After a clean SIGUSR1 drain, cmd_update passively polled for systemd's
auto-restart to fire. Our unit file sets RestartSec=60 (a crash-loop
guard), so the voluntary-restart path waited a full minute of dead air
before the gateway came back — the user saw 'draining (up to 75s)...'
and stared at it.
Change: after the drain exits with code 75, call 'reset-failed' +
'start' explicitly. Manual start bypasses RestartSec entirely
(RestartSec only governs systemd's own auto-restart logic). Takes
about as long as the gateway needs to come up (~1-3s on a warm box)
instead of ~60s.
The RestartSec=60 default stays — it's the right crash-loop guard for
actual crashes.
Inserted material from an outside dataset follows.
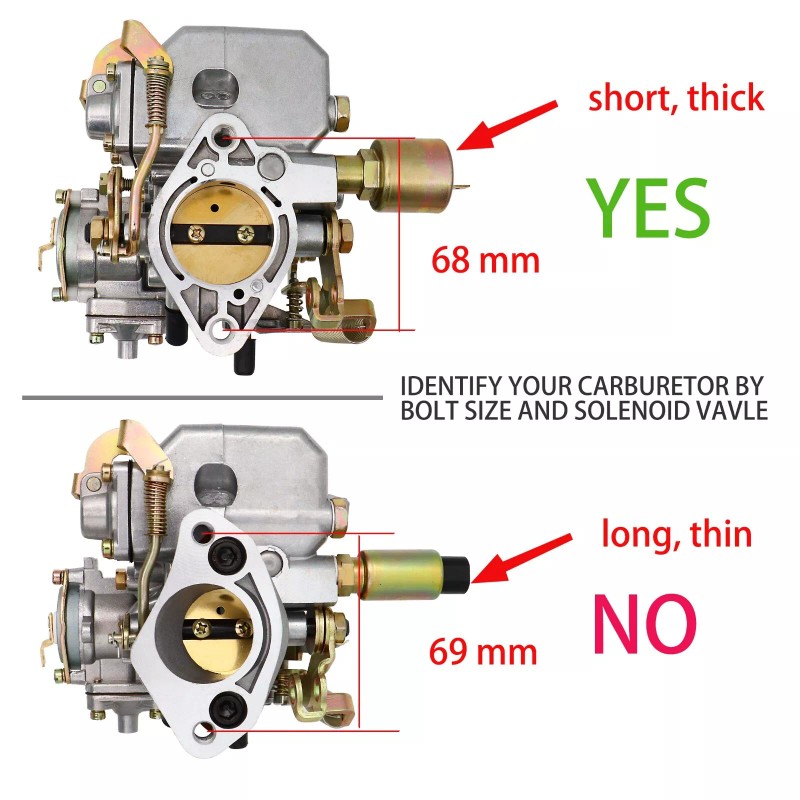 THUNDERMINGO Air Cooled Type 1 34 Pict-3 Carburetor #3 for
This only short-circuits the voluntary-restart path.
Matches the pattern already used in 'hermes gateway restart'
(systemd_restart() in hermes_cli/gateway.py, PR #20949).
Tests:
- tests/hermes_cli/test_update_gateway_restart.py: new
test_update_bypasses_restartsec_after_graceful_drain asserts both
'reset-failed hermes-gateway' AND 'start hermes-gateway' (NOT
'restart') are issued after a successful graceful drain.
- All existing tests in the affected classes still pass
(TestCmdUpdateLaunchdRestart, TestCmdUpdateResetFailedBeforeRestart
are green; one pre-existing flake in the latter is unrelated).